Newly suburbanizing areas became the meeting ground for at least three different groups of residents, each of which held different ideas about what the space ought to be. I'll offer a rough typology of suburban residents: one group were those rural residents – often farmers – who watched suburbia pop up all around them and thus witnessed the world they had known disappear permanently before their eyes. A second group were those who moved from central cities out into newly built developments and arrived with a more expansive set of expectations about services than those held by the “old-timers.” Finally, there were those who moved into new developments from rural counties even further from the metropolitan center. These people, to one degree or another, were migrants from areas of economic decline or came looking for better economic opportunities, like displaced farmers from northern Minnesota who moved to the suburbs sprouting around Minneapolis or the Appalachian refugees who moved to the suburbs of Cincinnati and Dayton looking for factory work. Given these different experiences and expectations, conflicts between new urban-focussed residents and formerly rural residents were inevitable. A “revolution,” one writer called it in 1970, “albeit subtler and less violent” than that taking place in American cities, but a revolution nonetheless, where “expanding urban centers meet the resistance of rural America … the lines of battle have been drawn.”Footnote 31 That revolution resulted in some large measure from the meeting of these different groups, with different expectations of what suburbia would mean.

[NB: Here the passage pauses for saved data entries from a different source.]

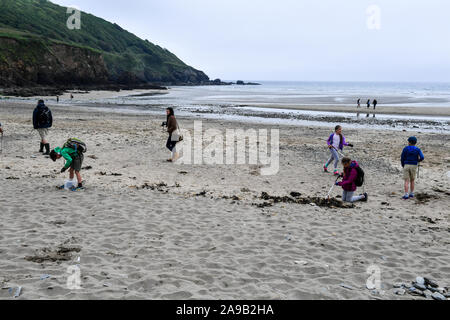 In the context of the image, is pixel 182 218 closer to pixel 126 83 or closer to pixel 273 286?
pixel 273 286

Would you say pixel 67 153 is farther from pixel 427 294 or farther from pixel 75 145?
pixel 427 294

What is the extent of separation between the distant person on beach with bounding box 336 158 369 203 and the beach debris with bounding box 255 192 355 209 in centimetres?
27

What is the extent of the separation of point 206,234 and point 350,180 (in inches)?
181

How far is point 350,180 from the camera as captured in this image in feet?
30.1

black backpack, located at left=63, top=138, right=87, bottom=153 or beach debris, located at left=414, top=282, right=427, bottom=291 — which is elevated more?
black backpack, located at left=63, top=138, right=87, bottom=153

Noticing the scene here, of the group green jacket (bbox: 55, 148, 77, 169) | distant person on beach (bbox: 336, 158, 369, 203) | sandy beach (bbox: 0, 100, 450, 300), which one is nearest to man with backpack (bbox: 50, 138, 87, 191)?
green jacket (bbox: 55, 148, 77, 169)

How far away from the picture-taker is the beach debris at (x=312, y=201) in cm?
918

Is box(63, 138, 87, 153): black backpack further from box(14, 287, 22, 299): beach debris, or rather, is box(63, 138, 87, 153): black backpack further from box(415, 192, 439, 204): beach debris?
box(415, 192, 439, 204): beach debris

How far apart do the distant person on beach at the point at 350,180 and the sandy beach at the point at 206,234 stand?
1.35 ft

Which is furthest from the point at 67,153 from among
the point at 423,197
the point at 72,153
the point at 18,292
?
the point at 423,197

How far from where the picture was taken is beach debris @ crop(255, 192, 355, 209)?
361 inches

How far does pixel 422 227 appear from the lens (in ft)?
25.3

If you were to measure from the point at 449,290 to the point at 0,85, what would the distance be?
77703 mm

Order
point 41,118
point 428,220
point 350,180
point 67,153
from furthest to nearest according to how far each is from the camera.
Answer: point 41,118 < point 350,180 < point 67,153 < point 428,220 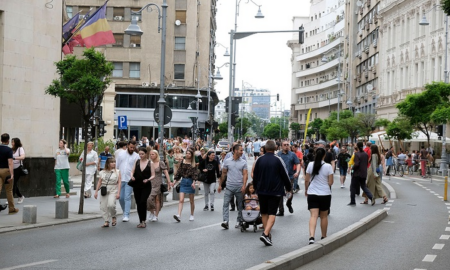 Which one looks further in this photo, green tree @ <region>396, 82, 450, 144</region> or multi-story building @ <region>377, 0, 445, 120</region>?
multi-story building @ <region>377, 0, 445, 120</region>

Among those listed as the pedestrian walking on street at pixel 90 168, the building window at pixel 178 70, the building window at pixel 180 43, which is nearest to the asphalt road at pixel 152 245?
the pedestrian walking on street at pixel 90 168

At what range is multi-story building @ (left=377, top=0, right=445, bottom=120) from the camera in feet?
192

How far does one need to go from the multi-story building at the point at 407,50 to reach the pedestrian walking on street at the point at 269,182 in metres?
44.0

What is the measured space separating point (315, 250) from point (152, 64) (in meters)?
65.7

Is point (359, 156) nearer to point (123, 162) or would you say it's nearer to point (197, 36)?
point (123, 162)

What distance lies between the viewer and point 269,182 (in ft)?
42.1

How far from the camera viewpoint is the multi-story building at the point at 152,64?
247ft

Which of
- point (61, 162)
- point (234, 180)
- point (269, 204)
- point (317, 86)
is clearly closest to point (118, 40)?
point (61, 162)

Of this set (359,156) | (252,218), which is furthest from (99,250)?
(359,156)

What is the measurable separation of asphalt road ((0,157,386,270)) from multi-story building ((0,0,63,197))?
597cm

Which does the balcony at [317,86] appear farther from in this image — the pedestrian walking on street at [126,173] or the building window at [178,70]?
the pedestrian walking on street at [126,173]

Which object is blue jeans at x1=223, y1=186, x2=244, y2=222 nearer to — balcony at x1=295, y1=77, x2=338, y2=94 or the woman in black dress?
the woman in black dress

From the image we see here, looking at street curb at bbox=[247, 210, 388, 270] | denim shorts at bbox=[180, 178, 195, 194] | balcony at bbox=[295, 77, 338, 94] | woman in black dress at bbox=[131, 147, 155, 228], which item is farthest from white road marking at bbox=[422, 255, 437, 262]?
balcony at bbox=[295, 77, 338, 94]

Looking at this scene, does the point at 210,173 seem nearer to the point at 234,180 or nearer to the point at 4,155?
the point at 234,180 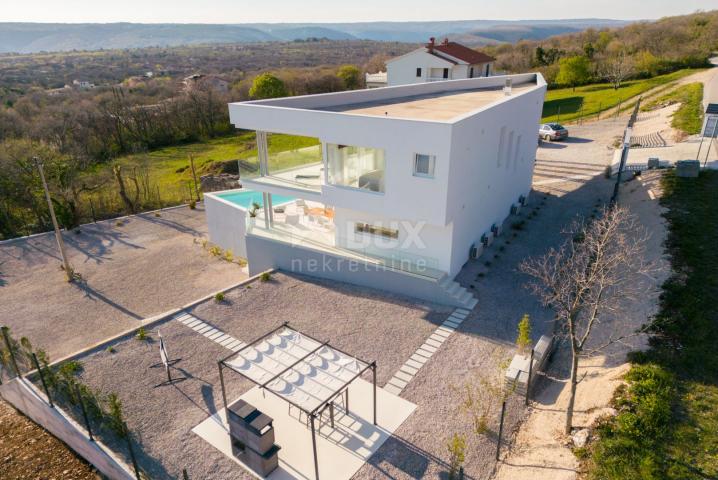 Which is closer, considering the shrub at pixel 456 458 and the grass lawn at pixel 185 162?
the shrub at pixel 456 458

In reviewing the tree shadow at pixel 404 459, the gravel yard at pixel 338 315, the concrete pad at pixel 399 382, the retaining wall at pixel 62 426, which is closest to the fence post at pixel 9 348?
the retaining wall at pixel 62 426

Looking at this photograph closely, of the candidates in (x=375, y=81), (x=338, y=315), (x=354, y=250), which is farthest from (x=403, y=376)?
(x=375, y=81)

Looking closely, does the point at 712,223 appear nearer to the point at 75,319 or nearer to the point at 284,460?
the point at 284,460

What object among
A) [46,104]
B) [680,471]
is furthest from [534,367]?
[46,104]

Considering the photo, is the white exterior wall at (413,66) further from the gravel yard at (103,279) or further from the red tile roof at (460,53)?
the gravel yard at (103,279)

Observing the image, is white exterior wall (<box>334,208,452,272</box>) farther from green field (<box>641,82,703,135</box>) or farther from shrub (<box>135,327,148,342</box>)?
green field (<box>641,82,703,135</box>)

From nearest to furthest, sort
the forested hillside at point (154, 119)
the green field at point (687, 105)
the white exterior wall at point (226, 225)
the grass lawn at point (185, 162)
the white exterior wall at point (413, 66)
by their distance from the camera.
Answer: the grass lawn at point (185, 162), the white exterior wall at point (226, 225), the forested hillside at point (154, 119), the green field at point (687, 105), the white exterior wall at point (413, 66) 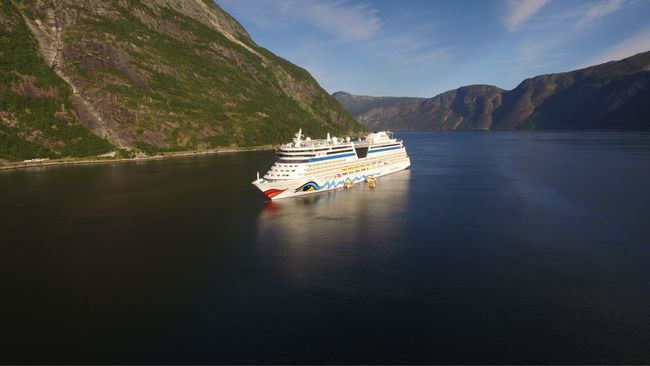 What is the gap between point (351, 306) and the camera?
28.8m

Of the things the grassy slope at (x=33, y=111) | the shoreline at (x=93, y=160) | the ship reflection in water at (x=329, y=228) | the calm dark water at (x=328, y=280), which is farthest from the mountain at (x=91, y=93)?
the ship reflection in water at (x=329, y=228)

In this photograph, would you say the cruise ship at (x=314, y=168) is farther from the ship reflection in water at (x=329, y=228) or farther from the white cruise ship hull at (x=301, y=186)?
the ship reflection in water at (x=329, y=228)

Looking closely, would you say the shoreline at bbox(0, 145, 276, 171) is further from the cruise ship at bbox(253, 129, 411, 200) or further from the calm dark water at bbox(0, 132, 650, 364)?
the cruise ship at bbox(253, 129, 411, 200)

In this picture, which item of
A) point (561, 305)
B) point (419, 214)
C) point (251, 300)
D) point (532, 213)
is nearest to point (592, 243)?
point (532, 213)

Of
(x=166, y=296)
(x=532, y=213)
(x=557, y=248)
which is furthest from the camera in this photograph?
(x=532, y=213)

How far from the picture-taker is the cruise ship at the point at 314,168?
6938 cm

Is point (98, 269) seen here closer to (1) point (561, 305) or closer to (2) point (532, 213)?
(1) point (561, 305)

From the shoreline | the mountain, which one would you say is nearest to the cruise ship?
the shoreline

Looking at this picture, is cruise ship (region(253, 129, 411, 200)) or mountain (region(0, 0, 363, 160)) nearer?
cruise ship (region(253, 129, 411, 200))

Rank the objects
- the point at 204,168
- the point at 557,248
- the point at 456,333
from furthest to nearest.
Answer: the point at 204,168 → the point at 557,248 → the point at 456,333

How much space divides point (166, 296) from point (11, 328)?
33.3ft

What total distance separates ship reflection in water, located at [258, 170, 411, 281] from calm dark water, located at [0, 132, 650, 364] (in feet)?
1.01

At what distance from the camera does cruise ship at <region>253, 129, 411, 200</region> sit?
69.4 m

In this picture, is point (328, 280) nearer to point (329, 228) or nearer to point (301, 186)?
point (329, 228) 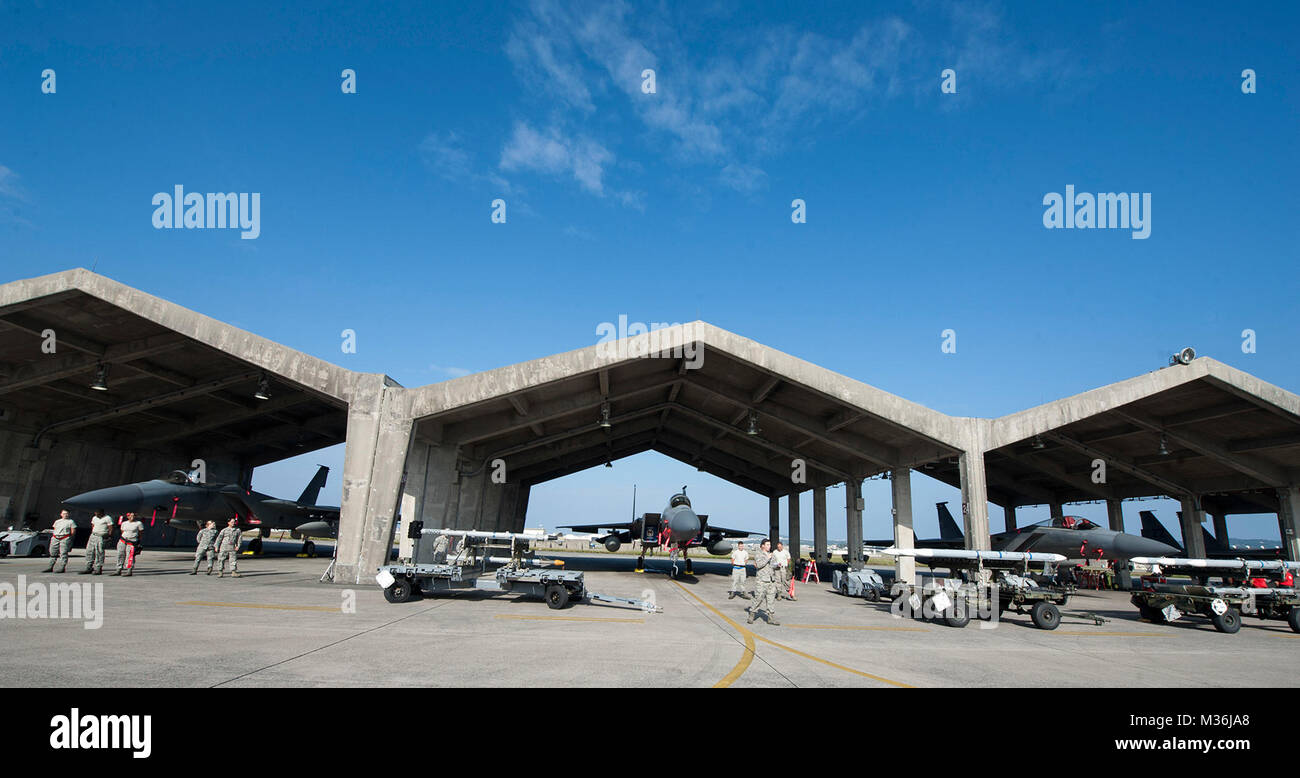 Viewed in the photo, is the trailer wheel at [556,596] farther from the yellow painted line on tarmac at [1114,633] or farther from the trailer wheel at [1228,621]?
the trailer wheel at [1228,621]

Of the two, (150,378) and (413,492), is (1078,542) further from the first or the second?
(150,378)

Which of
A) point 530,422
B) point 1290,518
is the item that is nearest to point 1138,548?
point 1290,518

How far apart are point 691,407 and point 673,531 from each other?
7637mm

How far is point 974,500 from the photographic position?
63.8ft

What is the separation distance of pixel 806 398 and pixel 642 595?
10.3 metres

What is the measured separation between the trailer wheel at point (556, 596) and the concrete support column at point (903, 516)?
14.6 meters

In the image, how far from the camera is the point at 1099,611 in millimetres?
18719

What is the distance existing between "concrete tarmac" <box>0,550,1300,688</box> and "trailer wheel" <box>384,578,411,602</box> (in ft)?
1.45

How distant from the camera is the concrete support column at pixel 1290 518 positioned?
24266 millimetres

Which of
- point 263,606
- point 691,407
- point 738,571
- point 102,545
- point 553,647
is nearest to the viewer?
point 553,647

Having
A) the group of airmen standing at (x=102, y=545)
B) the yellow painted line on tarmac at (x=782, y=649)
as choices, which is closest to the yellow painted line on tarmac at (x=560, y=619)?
the yellow painted line on tarmac at (x=782, y=649)

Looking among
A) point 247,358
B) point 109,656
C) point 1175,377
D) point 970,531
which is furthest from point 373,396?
point 1175,377

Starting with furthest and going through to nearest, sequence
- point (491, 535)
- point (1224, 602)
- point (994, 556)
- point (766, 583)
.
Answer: point (491, 535)
point (994, 556)
point (1224, 602)
point (766, 583) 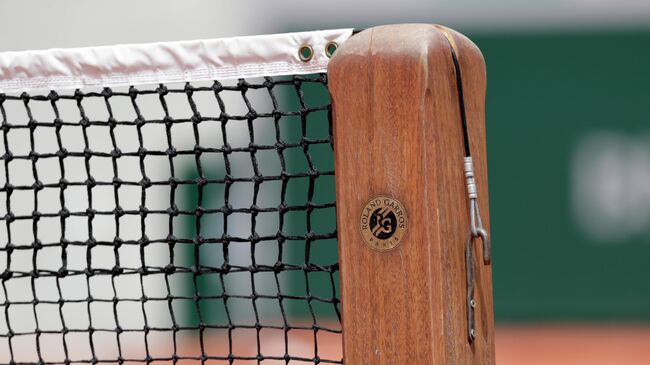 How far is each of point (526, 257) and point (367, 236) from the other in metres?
6.40

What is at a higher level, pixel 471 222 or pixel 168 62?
pixel 168 62

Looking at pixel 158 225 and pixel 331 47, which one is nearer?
pixel 331 47

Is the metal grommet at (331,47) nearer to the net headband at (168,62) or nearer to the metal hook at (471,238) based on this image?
the net headband at (168,62)

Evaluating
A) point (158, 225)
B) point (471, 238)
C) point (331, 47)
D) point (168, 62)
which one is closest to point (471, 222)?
point (471, 238)

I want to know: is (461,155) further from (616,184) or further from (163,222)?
(616,184)

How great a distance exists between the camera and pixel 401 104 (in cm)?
85

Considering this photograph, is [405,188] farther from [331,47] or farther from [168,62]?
[168,62]

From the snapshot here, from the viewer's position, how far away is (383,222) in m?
0.87

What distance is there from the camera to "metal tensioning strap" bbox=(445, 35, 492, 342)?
0.89 metres

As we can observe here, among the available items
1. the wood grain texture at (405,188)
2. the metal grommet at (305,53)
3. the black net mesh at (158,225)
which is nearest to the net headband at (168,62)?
the metal grommet at (305,53)

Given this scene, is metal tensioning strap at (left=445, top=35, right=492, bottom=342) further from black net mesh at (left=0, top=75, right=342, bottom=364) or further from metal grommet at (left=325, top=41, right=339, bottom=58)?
black net mesh at (left=0, top=75, right=342, bottom=364)

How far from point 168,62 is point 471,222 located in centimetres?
40

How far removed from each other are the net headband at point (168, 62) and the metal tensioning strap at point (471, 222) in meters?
Result: 0.19

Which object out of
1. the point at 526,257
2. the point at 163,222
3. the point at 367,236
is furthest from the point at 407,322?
the point at 526,257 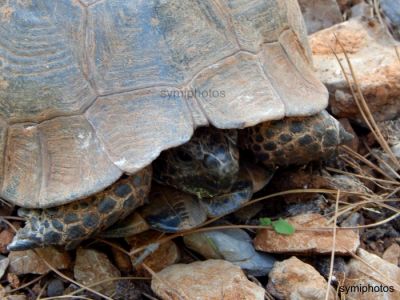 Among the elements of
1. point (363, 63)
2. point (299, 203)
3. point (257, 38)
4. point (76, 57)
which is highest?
point (76, 57)

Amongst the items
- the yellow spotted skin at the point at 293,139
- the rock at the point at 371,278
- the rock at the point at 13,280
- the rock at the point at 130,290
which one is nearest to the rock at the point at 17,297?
the rock at the point at 13,280

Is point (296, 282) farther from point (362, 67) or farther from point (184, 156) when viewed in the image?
point (362, 67)

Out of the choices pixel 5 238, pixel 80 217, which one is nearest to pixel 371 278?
pixel 80 217

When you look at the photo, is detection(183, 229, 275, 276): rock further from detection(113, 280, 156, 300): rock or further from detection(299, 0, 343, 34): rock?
detection(299, 0, 343, 34): rock

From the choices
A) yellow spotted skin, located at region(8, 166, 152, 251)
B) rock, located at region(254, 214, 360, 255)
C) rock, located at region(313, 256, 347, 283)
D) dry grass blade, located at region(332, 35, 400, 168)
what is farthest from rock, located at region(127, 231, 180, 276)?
dry grass blade, located at region(332, 35, 400, 168)

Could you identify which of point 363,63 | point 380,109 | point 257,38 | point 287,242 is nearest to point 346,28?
point 363,63

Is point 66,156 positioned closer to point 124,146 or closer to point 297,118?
point 124,146

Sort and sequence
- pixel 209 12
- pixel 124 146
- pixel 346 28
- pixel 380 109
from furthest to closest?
pixel 346 28
pixel 380 109
pixel 209 12
pixel 124 146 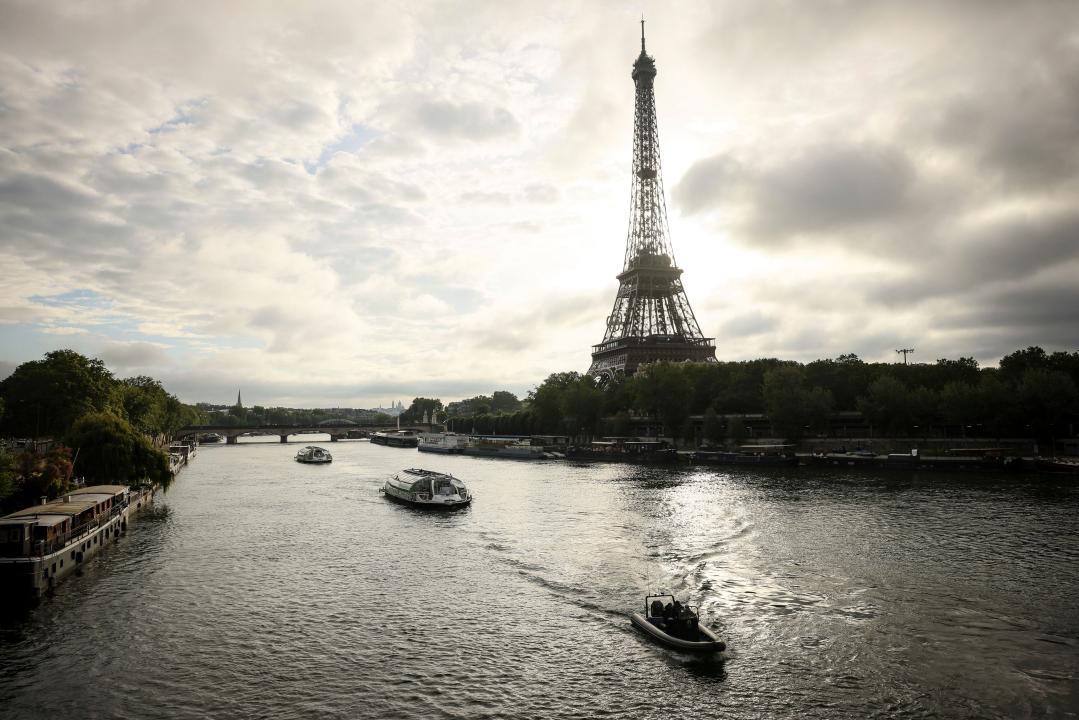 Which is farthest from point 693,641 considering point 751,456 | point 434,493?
point 751,456

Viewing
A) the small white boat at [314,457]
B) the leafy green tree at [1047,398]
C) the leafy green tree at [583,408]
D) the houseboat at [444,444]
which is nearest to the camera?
the leafy green tree at [1047,398]

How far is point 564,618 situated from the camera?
3172cm

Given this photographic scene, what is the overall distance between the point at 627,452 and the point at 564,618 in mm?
99591

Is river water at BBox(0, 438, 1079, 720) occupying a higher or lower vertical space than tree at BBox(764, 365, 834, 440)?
lower

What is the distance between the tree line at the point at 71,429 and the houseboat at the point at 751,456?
82.8m

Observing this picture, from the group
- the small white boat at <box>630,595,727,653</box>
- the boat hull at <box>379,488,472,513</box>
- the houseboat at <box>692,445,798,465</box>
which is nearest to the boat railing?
the boat hull at <box>379,488,472,513</box>

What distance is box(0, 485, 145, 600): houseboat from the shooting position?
113 feet

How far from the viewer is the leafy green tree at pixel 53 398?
8556 cm

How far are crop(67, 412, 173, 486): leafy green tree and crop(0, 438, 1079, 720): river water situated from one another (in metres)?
5.05

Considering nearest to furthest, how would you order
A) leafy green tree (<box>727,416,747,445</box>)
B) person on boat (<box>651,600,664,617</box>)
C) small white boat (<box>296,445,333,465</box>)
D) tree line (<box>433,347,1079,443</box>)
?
person on boat (<box>651,600,664,617</box>) → tree line (<box>433,347,1079,443</box>) → leafy green tree (<box>727,416,747,445</box>) → small white boat (<box>296,445,333,465</box>)

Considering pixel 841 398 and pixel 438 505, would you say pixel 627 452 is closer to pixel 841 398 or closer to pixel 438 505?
pixel 841 398

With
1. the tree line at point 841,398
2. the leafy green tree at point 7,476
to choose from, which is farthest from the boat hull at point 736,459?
the leafy green tree at point 7,476

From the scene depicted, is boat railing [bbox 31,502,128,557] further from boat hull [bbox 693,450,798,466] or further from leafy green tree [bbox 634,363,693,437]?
leafy green tree [bbox 634,363,693,437]

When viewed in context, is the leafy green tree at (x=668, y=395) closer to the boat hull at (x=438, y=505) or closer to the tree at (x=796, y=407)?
the tree at (x=796, y=407) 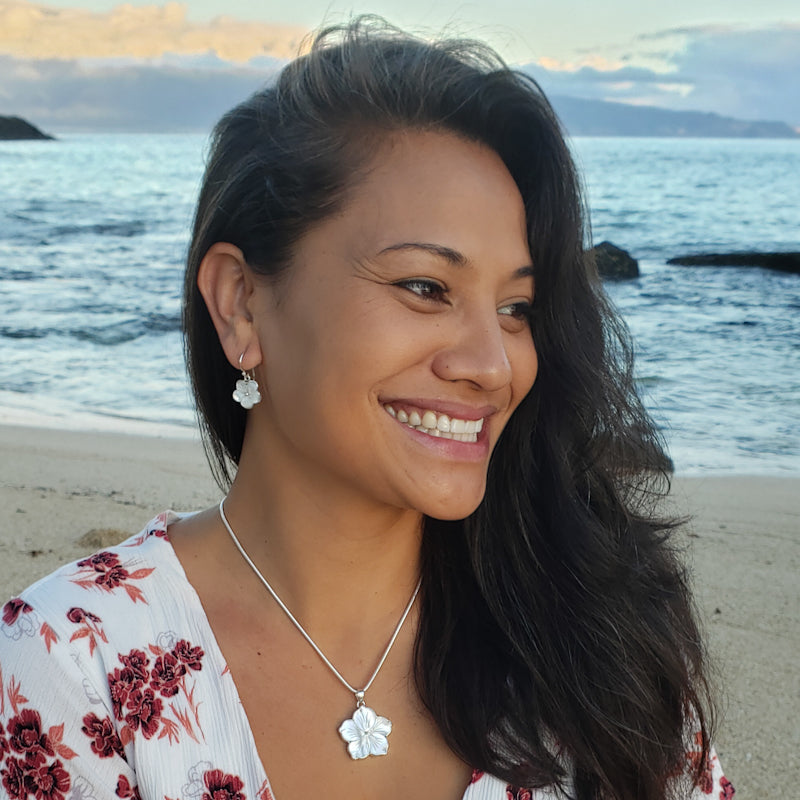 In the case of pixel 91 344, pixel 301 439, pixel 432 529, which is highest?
pixel 301 439

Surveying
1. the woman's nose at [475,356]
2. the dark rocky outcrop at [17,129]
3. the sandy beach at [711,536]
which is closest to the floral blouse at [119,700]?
the woman's nose at [475,356]

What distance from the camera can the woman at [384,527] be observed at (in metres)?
1.75

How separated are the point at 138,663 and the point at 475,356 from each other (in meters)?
0.78

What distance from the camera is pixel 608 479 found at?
2264mm

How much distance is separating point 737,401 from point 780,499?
11.1 feet

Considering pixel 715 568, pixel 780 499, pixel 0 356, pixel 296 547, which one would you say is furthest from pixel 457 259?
pixel 0 356

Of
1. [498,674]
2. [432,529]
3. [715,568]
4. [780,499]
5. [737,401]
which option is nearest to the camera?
[498,674]

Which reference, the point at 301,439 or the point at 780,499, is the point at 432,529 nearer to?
the point at 301,439

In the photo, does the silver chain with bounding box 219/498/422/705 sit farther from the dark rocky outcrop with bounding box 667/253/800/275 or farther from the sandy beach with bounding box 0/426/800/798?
the dark rocky outcrop with bounding box 667/253/800/275

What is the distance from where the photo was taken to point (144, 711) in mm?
1704

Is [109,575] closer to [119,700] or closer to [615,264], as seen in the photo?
[119,700]

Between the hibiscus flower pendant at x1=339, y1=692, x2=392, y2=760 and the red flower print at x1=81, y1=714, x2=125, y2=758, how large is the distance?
406mm

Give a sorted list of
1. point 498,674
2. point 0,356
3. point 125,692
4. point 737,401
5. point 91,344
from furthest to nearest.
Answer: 1. point 91,344
2. point 0,356
3. point 737,401
4. point 498,674
5. point 125,692

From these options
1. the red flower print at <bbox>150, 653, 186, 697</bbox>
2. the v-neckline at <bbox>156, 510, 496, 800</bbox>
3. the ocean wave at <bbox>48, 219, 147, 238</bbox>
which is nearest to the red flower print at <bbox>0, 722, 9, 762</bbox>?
the red flower print at <bbox>150, 653, 186, 697</bbox> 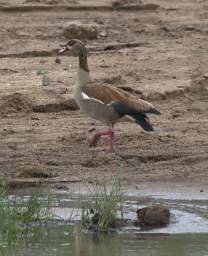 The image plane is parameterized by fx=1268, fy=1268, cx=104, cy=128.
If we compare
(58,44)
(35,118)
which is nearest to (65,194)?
(35,118)

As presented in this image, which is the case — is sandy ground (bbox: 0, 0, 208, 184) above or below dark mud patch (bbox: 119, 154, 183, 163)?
above

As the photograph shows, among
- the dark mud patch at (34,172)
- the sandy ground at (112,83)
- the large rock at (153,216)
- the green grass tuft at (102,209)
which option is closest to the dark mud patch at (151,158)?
the sandy ground at (112,83)

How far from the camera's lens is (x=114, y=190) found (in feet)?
32.0

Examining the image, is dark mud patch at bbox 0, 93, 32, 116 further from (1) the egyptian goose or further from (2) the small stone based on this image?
(1) the egyptian goose

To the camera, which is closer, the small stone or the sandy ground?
the sandy ground

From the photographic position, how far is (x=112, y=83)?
14.5 metres

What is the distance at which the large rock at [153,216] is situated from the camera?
980 centimetres

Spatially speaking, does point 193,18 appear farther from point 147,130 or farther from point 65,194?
point 65,194

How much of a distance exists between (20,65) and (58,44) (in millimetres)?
1322

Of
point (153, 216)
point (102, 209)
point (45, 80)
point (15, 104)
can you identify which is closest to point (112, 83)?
point (45, 80)

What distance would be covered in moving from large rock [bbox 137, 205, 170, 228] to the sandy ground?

At a basic level, explosive growth inevitably strained existing rural infrastructure. New houses and new residents required new and bigger roads, sewer and water systems, and the like. Examining the outskirts of Flint, Michigan, Thomas Brademas found, “Most of the homes in the fringe are without public water supply and there is no sewerage system.” He was certain that Flint was not unusual: “In short, what has and is happening to the Flint, Michigan areas is repeated to a greater or lesser degree in almost all of our metropolitan areas today.” Gans noted archly, “As a rural area, Willingboro township … had not been noted for lavishness in the provision of public facilities in the past.”Footnote 32

As people flocked to new suburban areas, the existing school systems found themselves overwhelmed with new students, and these too became sites of conflict. “So long as the areas were inhabited almost exclusively by full-time farmers,” Moore and Barlowe found, “the country school houses were usually considered large enough to accommodate all the students.” But as they observed, “once the rural residents started their migration into the area, many of the school facilities became inadequate. School consolidation has provided an answer to this situation, but some ‘old-time’ residents have not been convinced that this is the best solution.”Footnote 33 In Richfield, a farm community outside Minneapolis that became Minnesota's fastest-growing suburb in the 1950s, voters rejected a ballot measure to build a new – and needed – high school during the war. In fact, the town didn't have one at all, and an advertisement that ran in the Richfield News asked imploringly, “Can anyone imagine a village of nearly 10,000 residents without a high school?” Apparently, plenty of people could, since nearly ten years and more than seven thousand new residents later Richfield “ranked among the largest communities in America without a high school.”Footnote 34

Schools and sewers cost money and money meant more taxes. Opposition to taxation lay at the root of rural attitudes toward government. Farmers interviewed in Alaiedon Township (Michigan) in 1962 reported that rising taxes (not an influx of nonwhite people) worried them most as the area seemed on the cusp of suburban development. Rising property taxes, they worried, cut most immediately into the economic viability of their farms. In Hendricks County, west of Indianapolis, farmers also complained about rising property taxes that came in the wake of new residential development.Footnote 35

Zoning and land use constituted a third front in the battle over the nature of post-rural space. Cities had pioneered zoning laws during the Progressive Era, but as late as 1951 only thirty-eight states had passed enabling laws even to permit rural zoning. Even that number, however, overstates the case. By 1951 only 178 rural counties in the entire nation had actually enacted zoning regulations, reflecting a fear that “government” could tell people what they could and could not do with their land.Footnote 36 Back in Michigan, for example, farmers who found themselves surrounded more and more by suburban development “felt that zoning would take too many rights away from individual property owners, and that they themselves were capable of coping with any problems the suburban movement might create.”Footnote 37

Farmers might have felt that zoning would take away their rights, but many discovered that without it developers and their new neighbors could take away their livelihoods. The conflicts involved nuisance laws, far more common in rural areas than zoning codes.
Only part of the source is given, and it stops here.